True to form, 2016 promises to be a record-shattering year for media advertising outlays and political lobbying expenditures. Economically speaking, there will be positive short-term spinoffs, as well. As far as the outlook in Michigan and the Detroit area, these external factors must be considered.
For example, over the past 100 years, the following pattern has prevailed: There have been 18 economic downturns, and six of the recessions have coincided with a presidential election year — influencing public opinion as to economic security and the overall financial outlook. Notably, in five of these six cases where real GDP stumbled during a national election year, control of the White House in the following year shifted to the other political party.
Correspondingly, such shifts most often resulted in wholesale changes of economic and financial policies, significantly altering GDP growth, inflation, interest rates, and consumer buying power. Especially with reference to consumer buying power, if a Republican wins the White House next November, major policy alterations would affect Detroiters and Michigan’s auto industry.
Already, Republican candidate Donald Trump has suggested General Motors, Ford, and Fiat USA (Chrysler), along with their related suppliers, cease their operations in Mexico and move production back to the United States, most notably in low-cost labor markets in the South. While economic changes cause households to reassess whether the time is right for purchasing or financing automobiles, moving factories thousands of miles is another matter altogether.
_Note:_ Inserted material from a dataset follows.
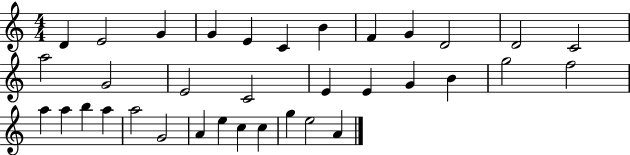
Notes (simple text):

D4/q E4/h G4/q G4/q E4/q C4/q B4/q F4/q G4/q D4/h D4/h C4/h A5/h G4/h E4/h C4/h E4/q E4/q G4/q B4/q G5/h F5/h A5/q A5/q B5/q A5/q A5/h G4/h A4/q E5/q C5/q C5/q G5/q E5/h A4/q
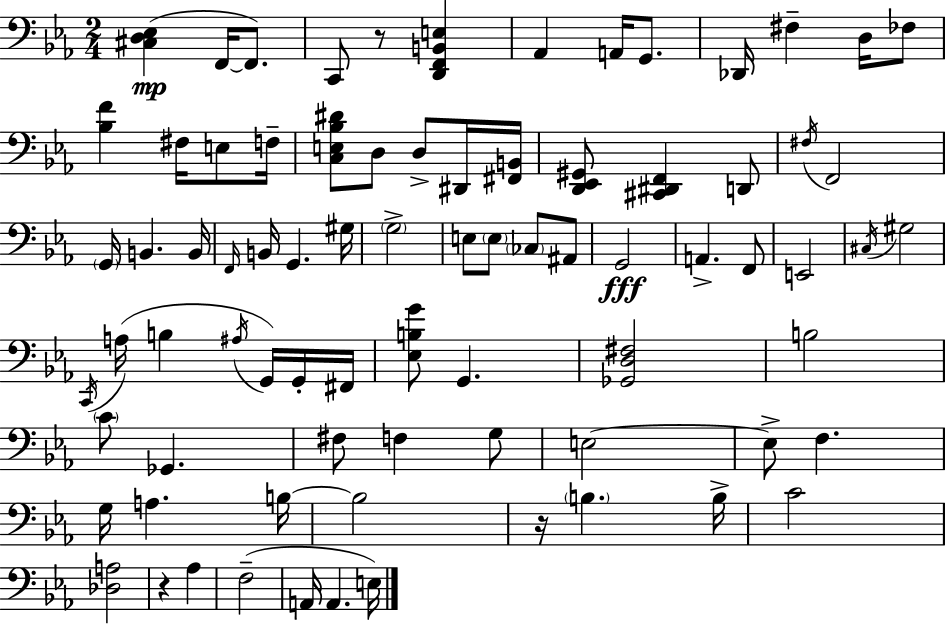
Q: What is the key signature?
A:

An interesting corollary to these potential political outcomes is the power of a failing economy to demolish the incumbency or legacy of a sitting president. In two well-known episodes, prospects for another four years in the White House were denied to Jimmy Carter (lost to Ronald Reagan in 1980) and Herbert Hoover (lost to Franklin Delano Roosevelt in 1932). Carter’s loss was largely attributed to the horrific effects of raging inflation, shrinking payroll employment, and the impact of joblessness on wealth creation and confidence. Hoover’s loss was also inevitable — the Great Depression embodied all of Carter’s economic nemeses, compounded.
When President Obama exits the White House, he will leave behind billions of dollars of unfunded social and infrastructure programs ranging from the Affordable Care Act to crippling restrictions on coal-powered energy plants and a resulting shift to “green” energy, to Social Security (although past presidents have also failed to deal with the latter).